I was doing a great job at keeping myself away from the drama. I consciously made the decision of disengaging from other people’s negativity and emotional clutter. As a result, I’ve spent almost no time at home with my family and I detached myself from the little wars between my coworkers. I also focused on achieving my fitness goals and I started organising my thesis. I gave even more structure to my routine, and it was working fine. At least, until I decided to give another try to a very complicated chapter: dating.
In the last two weeks, I have been ditched and ghosted. Although it shouldn’t bog me down, because I didn’t even go out with anyone, it took a toll on me. Well, maybe what really did take a toll on me was the fact that my ‘married’ coworker keeps confusing and sending me mixed signals. That was the main reason why I gave online dating another try. I thought doing so would keep my mind busy and away from any temptive thoughts. I should know it doesn’t work like that.
I’ve been told he has some level of psychopathy and yet the very same person who told me that is not exactly the person I would like to have around that much, which also upsetted me. I didn’t hold such high hopes as I used to in the past about the people I work with, but I would like to have someone nearby who is genuinely more positive and light-hearted. Therefore, I think I feel confused, tired and disappointed, not because some virtual dude stood me up, but because I still emotionally give more than what I take in my day to day life. Failing at online dating was just the trigger.
What’s the solution then? I gave it some thought while I was coming back home tonight. I think stepping away from unnecessary drama is very important to keep good mental health and wellbeing in the moment. For instances, I can’t change my parents and I can’t make decisions for them. Moreover, I don’t have enough cold blood to delete them completely from my life. I can’t also change my coworkers’ nature. I will have to stick with them at least until the end of the school year (and I actually like them). Most of all, I can’t control what people will do or not do, say or not say.
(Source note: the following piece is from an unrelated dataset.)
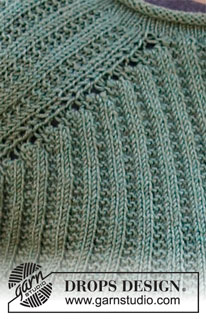 Lucky Clover Jacket / DROPS 215-10 - Strikket jakke i DROPS BabyMerino. Arbeidet strikkes ovenfra og ned med skulderøkning til sadelskuldre og strukturmønster. Størrelse S - XXXL.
The conscious decision of choosing where my attention goes, however, is mine. Right now, I can make a decision on whether I keep, or not, focusing on and feeding what has brought me confusion and restlessness (e.g. my colleague’s mixed signals). Just like I have spent less time at home, I might well need to review the amount and quality of thoughts I have given to my work colleagues. For instances, it has been very unhealthy to try to second guess my colleague’s compliments and moves as well as to keep actively listening to my other colleague’s complaints about work. None of them actively listens to my own problems and the root problem, I may say, is the fact that I have subjectively invested more than what I have received.